Assuming simple uniform hashing, i.e. the expected value of each bin size \(a := E(b_i) = n/m\), where \(n\) is the size of elements. Further assume that the hash function takes \(O(1)\) time.

Runtime analysis

Claim 1.1 insert takes worst case \(O(1)\) time.
proof. insert the new node to the head (only update 2 pointers).

Claim 1.2 Under simple uniform hashing assumption, search takes average-case \(\Theta(1+a)\) time.
proof. For unsuccessful search, the time needed is 1 hash and traverse the linked list in the bin, which takes \(a\) time.
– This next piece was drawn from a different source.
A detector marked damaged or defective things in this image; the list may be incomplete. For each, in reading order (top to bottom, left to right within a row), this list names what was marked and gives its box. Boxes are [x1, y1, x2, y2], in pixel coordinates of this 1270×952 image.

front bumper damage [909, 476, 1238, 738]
For successful search, there are \(n\) cases for input \(x\), i.e. \(n\) keys in the table, assuming that each element in the table has \(1/n\) probability being searched. Define \(I_{ij}\) be the indicator random variable that the ith key and jth key being inserted to the same bin. By simple uniform hashing, the probability that \(P(I_{ij} = 1) = 1/m\), thus by Bernoulli distribution, \(E(I_{ij}) = 1/m\). Then, to find some node \(i\), we need to compare the searched key with all nodes before \(i\), and by our insert, those are nodes inserted after \(i\); and then \(i\). Therefore, for some node \(i\), the number of elements compared is \(1 + \sum_{j=i+1}^n I_{ij}\). We can write the average case time as

\[\begin{align*} E(T(n)) &= E(\sum_{i=1}^n \frac{1}{n} (1 + \sum_{j=i+1}^n I_{ij}))\\ &= \frac{1}{n} \sum_{i=1}^n (1 + \sum_{j=i+1}^n E(I_{ij}))\\ &= \frac{1}{n} \sum_{i=1}^n (1 + \sum_{j=i+1}^n \frac{1}{m})\\ &= 1 + \frac{1}{nm}(n^2 - \frac{n(n+1)}{2})\\ &= 1 + \frac{a}{2} - \frac{a}{2n}\\ &\in \Theta(1+a) \end{align*}\]
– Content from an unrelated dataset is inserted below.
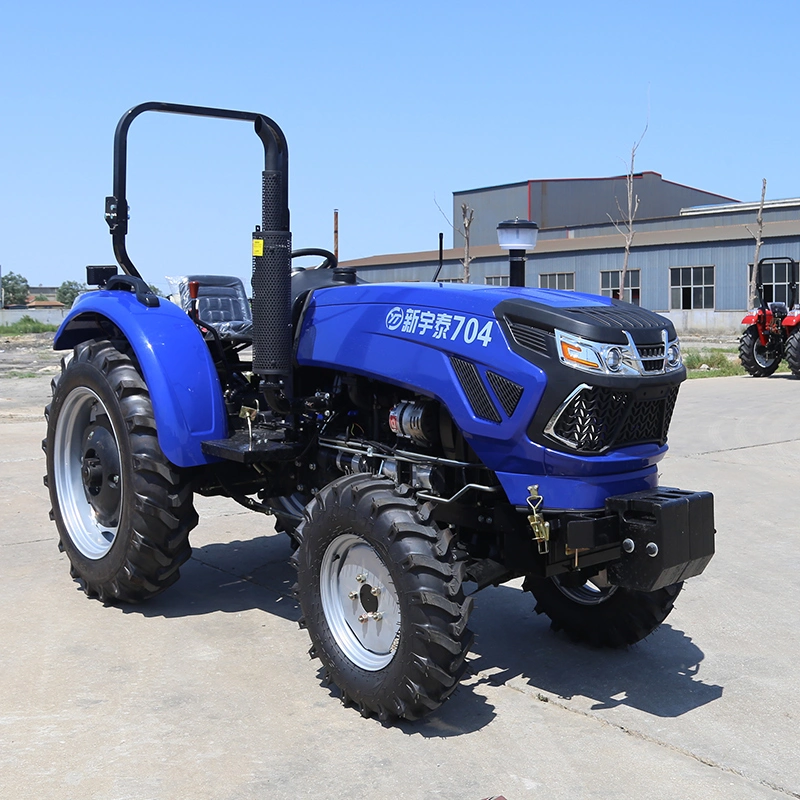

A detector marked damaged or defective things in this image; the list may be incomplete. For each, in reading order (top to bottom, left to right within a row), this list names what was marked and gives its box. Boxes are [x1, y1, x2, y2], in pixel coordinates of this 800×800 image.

cracked pavement [1, 372, 800, 796]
Claim 1.3 Under simple uniform hashing assumption, delete takes average-case \(\Theta(1+a)\) time.
proof. search, and then constant time to update pointers.

Note that, if \(n/m\) is proportional, then \(a\in O(1)\). Thus, all operations take constant worst case expected time.

Open Addressing

For open addressing, we have

Object: fix-sized array (key, value) of size \(M\)
Operation:
search(H, x): seach for each of H[h(x, 0)], H[h(x, 1)], ... until find or encountered None
insert(H, x): try H[h(x, 0)], H[h(x, 1)], ... until we find None or DEL at i, then insert into H[h(x, 1)].
delete(H, x): search for \(x\), say at H[h(x, 0)], then make H[h(x, 0)] = DEL

The successively examining of H[h(x, 0)], H[h(x, 1)], ... is called probing.
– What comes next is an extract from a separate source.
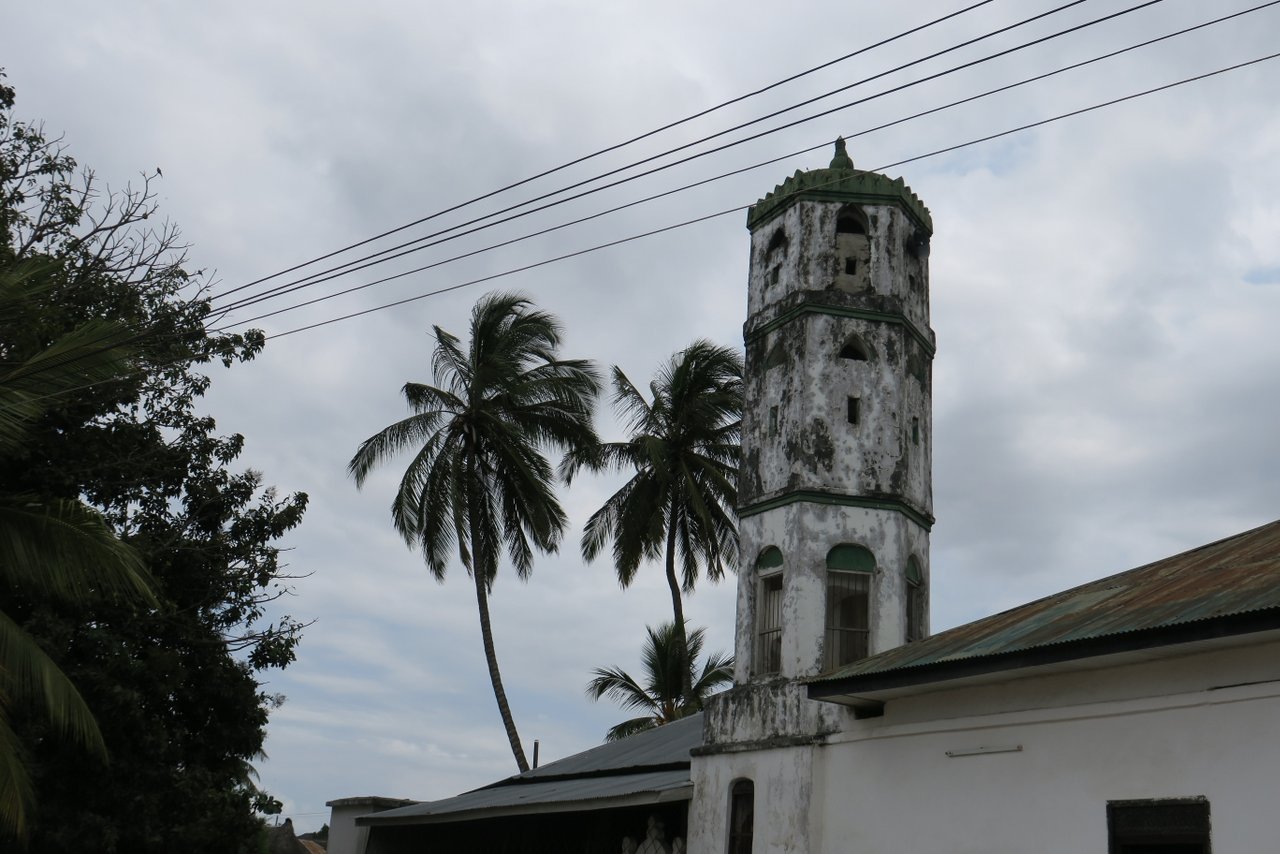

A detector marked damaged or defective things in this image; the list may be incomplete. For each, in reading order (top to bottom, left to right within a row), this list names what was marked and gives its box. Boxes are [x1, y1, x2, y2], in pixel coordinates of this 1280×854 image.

rusty roof panel [814, 517, 1280, 686]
First, note that our array eventually have size \(M \geq n\), otherwise we are unable to store all wanted key, value pairs, since the table can be filled up.

Then, Note that in this case, \(h(x, i)\) take a key \(x\) and a counter \(i\). We define this as a parameterized hash function

\[h: \mathcal U \times \{0, ..., M - 1\} \rightarrow \{0, ..., M - 1\}\]

Consider the sequence \((h(x, i))_{i=0}^{M-1}\), calling it the probe sequence of key \(x\). It must be a permutation of \(\{0, 1, \cdots, M-1\}\) so that the sequence performs like the insertion order for \(x\). We want to make the uniform hashing assumption, i.e. \(h\) generates probe sequence for each key being equally likely to be any of \(M!\) permutaions of \(\{0, ..., M-1\}\). Unfortunately, such assumption is hard to implement.

The following techniques guarentee that the probe sequence for each key \(x\in\mathcal U\) is valid. However, the mast number of probe sequences that they can generate is \(m^2\). Thus none of them satisfy the uniform hashing assumption.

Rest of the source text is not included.